## Scraped caption text data
__________
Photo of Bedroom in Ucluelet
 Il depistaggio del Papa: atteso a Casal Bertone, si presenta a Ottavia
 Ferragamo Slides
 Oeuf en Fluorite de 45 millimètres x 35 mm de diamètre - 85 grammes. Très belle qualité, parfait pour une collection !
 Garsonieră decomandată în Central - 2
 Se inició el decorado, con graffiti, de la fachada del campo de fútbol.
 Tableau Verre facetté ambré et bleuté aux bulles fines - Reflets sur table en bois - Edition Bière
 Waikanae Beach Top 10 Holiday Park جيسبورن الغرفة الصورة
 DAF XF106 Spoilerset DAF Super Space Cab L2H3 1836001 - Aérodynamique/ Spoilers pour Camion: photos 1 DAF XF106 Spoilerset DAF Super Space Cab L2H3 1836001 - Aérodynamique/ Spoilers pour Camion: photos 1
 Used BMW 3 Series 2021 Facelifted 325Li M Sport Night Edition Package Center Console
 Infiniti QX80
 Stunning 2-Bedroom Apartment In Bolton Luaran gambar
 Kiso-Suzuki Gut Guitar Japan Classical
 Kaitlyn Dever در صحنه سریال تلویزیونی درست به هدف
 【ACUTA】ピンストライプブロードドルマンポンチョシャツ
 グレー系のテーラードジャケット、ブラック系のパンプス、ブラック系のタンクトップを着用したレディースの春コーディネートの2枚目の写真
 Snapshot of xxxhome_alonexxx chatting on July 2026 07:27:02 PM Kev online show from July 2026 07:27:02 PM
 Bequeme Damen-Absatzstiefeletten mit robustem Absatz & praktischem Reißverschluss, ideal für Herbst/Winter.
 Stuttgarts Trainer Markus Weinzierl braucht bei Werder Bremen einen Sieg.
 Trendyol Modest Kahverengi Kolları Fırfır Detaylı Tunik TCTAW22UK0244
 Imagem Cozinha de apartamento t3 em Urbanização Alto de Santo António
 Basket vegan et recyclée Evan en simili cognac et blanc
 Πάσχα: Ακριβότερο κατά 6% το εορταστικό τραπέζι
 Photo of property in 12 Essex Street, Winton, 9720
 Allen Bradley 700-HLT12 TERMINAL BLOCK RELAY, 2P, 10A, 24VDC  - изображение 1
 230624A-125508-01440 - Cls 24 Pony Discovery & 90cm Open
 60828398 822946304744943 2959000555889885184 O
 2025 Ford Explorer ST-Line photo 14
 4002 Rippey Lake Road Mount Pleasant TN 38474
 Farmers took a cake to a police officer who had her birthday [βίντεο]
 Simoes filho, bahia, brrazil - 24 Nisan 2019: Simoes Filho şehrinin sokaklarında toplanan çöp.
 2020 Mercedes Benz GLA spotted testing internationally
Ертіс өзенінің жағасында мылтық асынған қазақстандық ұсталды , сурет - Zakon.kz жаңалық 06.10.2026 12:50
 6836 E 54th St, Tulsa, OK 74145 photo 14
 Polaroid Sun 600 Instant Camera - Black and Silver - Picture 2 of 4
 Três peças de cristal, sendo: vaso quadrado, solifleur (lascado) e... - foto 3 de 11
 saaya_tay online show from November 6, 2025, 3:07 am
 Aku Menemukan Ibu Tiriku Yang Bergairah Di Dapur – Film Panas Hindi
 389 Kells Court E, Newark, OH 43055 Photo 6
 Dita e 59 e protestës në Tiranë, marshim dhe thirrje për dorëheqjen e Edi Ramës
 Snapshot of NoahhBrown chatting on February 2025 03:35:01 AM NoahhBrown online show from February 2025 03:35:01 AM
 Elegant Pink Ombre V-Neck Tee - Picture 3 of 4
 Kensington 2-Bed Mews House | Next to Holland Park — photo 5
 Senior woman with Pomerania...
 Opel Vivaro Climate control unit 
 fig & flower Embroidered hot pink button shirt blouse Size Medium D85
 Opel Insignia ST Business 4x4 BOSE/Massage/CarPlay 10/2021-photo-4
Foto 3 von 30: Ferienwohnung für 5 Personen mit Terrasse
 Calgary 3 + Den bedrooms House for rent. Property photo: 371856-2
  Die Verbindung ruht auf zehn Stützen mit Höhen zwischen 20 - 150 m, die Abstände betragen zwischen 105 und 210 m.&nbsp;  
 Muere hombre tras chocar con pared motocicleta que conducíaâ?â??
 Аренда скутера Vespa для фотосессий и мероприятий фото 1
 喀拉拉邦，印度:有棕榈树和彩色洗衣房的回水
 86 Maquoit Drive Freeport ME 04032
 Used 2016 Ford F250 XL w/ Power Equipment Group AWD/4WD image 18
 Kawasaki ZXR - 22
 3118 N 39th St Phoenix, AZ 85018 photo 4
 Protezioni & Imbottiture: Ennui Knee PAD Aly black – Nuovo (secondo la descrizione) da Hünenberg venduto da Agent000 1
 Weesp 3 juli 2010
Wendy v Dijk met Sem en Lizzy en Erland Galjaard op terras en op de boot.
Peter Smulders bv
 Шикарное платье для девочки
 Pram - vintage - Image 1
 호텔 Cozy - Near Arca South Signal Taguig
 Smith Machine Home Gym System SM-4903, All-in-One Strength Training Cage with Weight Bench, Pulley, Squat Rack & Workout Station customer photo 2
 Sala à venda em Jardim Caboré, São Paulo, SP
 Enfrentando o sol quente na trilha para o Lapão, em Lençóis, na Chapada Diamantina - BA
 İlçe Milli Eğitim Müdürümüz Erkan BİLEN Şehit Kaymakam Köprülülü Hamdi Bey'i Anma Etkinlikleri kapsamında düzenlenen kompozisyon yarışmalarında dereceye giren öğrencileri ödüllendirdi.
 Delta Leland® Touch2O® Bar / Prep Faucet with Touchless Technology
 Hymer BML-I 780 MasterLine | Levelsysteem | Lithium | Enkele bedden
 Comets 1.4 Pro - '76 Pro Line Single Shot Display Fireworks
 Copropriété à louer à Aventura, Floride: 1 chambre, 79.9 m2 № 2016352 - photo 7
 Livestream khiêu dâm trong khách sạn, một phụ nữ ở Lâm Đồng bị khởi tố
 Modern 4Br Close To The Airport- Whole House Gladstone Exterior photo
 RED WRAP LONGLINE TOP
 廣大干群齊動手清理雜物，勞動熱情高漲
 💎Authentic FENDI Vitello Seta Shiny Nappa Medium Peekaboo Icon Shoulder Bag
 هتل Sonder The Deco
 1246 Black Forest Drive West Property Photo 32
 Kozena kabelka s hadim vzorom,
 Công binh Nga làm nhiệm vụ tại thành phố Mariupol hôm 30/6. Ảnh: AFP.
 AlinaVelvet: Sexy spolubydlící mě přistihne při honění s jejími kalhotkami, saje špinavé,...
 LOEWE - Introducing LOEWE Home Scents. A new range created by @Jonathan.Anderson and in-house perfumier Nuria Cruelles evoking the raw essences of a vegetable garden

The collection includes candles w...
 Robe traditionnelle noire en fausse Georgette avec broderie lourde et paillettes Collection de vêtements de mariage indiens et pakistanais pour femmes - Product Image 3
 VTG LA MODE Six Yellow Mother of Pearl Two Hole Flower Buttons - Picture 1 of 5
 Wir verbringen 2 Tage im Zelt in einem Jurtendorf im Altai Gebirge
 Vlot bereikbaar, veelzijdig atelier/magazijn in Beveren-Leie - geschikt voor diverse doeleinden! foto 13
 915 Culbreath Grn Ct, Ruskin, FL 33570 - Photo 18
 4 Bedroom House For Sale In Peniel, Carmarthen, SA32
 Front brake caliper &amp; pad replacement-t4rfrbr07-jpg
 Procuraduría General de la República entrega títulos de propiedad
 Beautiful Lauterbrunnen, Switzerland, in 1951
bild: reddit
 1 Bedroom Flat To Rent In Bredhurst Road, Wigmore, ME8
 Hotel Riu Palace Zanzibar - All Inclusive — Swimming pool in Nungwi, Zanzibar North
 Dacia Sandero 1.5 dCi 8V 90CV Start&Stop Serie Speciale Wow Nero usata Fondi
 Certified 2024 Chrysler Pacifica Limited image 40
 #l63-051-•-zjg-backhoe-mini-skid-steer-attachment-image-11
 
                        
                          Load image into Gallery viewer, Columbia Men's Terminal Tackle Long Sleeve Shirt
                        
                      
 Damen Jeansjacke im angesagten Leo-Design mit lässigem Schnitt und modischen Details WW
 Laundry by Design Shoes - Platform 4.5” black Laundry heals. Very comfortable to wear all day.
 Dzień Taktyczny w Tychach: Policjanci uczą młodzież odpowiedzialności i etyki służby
__________
## WORK ITEM
Write out exactly the lines above between the line with "915 Culbreath Grn" and the line with "Load image into", inclusive, and nothing beyond them.

## OUTPUT FOR THIS EXERCISE
 915 Culbreath Grn Ct, Ruskin, FL 33570 - Photo 18
 4 Bedroom House For Sale In Peniel, Carmarthen, SA32
 Front brake caliper &amp; pad replacement-t4rfrbr07-jpg
 Procuraduría General de la República entrega títulos de propiedad
 Beautiful Lauterbrunnen, Switzerland, in 1951
bild: reddit
 1 Bedroom Flat To Rent In Bredhurst Road, Wigmore, ME8
 Hotel Riu Palace Zanzibar - All Inclusive — Swimming pool in Nungwi, Zanzibar North
 Dacia Sandero 1.5 dCi 8V 90CV Start&Stop Serie Speciale Wow Nero usata Fondi
 Certified 2024 Chrysler Pacifica Limited image 40
 #l63-051-•-zjg-backhoe-mini-skid-steer-attachment-image-11
 
                        
                          Load image into Gallery viewer, Columbia Men's Terminal Tackle Long Sleeve Shirt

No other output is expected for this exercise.